We had no issues importing just 2 years ago and my in laws did the same last summer. Bought new, Subaru Outback. Here is how:
http://sustainablepersonalfinance.com/new-car-import-diy-save-thousands/

Wrote 5 or 6 articles on the topic on our site


----------



## spirit (May 9, 2009)

Sproket 1200 asked why replace the same car if we have low kilometers on the one we own. Actually, my husband is asking the same question...(; He loves the rear wheel drive Lexus. He had the 400 LS model and replaced it with the 430. That's the one he is driving now. In 2007 Lexus went with a 460 motor which we feel is getting too big. He only puts on about 20 K a year so this 2005 with 30K will probably be the last car he owns. We really do not need an SUV. He likes his Lexus, I love my Acura 3.2 and I do not think he will find another car with the same features as the Lexus.
We see a nice car with low K. I am also a bargain hunter and think we should spend the money now and enjoy the car while we are still young. Besides this car is pearl white and is absoutely a beauty. It would put a smile on his face and I could remind him each day just how happy he is because of me. And how much is that worth?


----------



## GregGH2 (Nov 26, 2011)

Hi

got a quick minute - check this thread out on importing cars ....(smile)

http://forums.redflagdeals.com/wow-new-used-cars-us-up-30-cheaper-read-post-1-a-307601/

now --that is one big thread ...

Greg


----------



## Sustainable PF (Nov 5, 2010)

That was the thread I used to learn how to import. In the end I took 1 day off of work and saved about $9500 when compared to buying the same vehicle in Canada.

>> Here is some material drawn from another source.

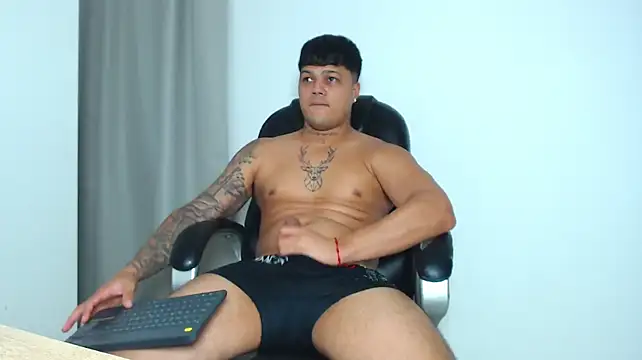 Show modela Sloganxxxx na web-kameri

I'll be buying our vehicles in the US from here on out - I can't justify paying the 20%-30% markup for a vehicle sold in Canada.



GregGH2 said:


> Hi
> 
> got a quick minute - check this thread out on importing cars ....(smile)
> 
> ...


----------



## Sampson (Apr 3, 2009)

Sustainable PF said:


> I'll be buying our vehicles in the US from here on out - I can't justify paying the 20%-30% markup for a vehicle sold in Canada.


The difference in pricing has narrowed significantly in recent years, and for some warranty coverage is worth a little bit. But overall, I agree shopping in the US for a car makes sense now, mainly due to the strength of our currency, if it goes back to $0.85 or $0.65, then definitely not worthwhile.


----------



## Sustainable PF (Nov 5, 2010)

There is a stigma for resale as well. This is changing, slowly. We don't plan to resell our Outback. It will get driven into the ground.
I agree $0.65 makes it not worth it but @ $0.85 I would still look at the difference in prices and consider importing.
I don't have issues w/ the warranty. I get work done, pay the local dealer, send receipts to Subaru of America and they send me a cheque. Only had some minor issues for about $65 but I got the money back.



Sampson said:


> The difference in pricing has narrowed significantly in recent years, and for some warranty coverage is worth a little bit. But overall, I agree shopping in the US for a car makes sense now, mainly due to the strength of our currency, if it goes back to $0.85 or $0.65, then definitely not worthwhile.


----------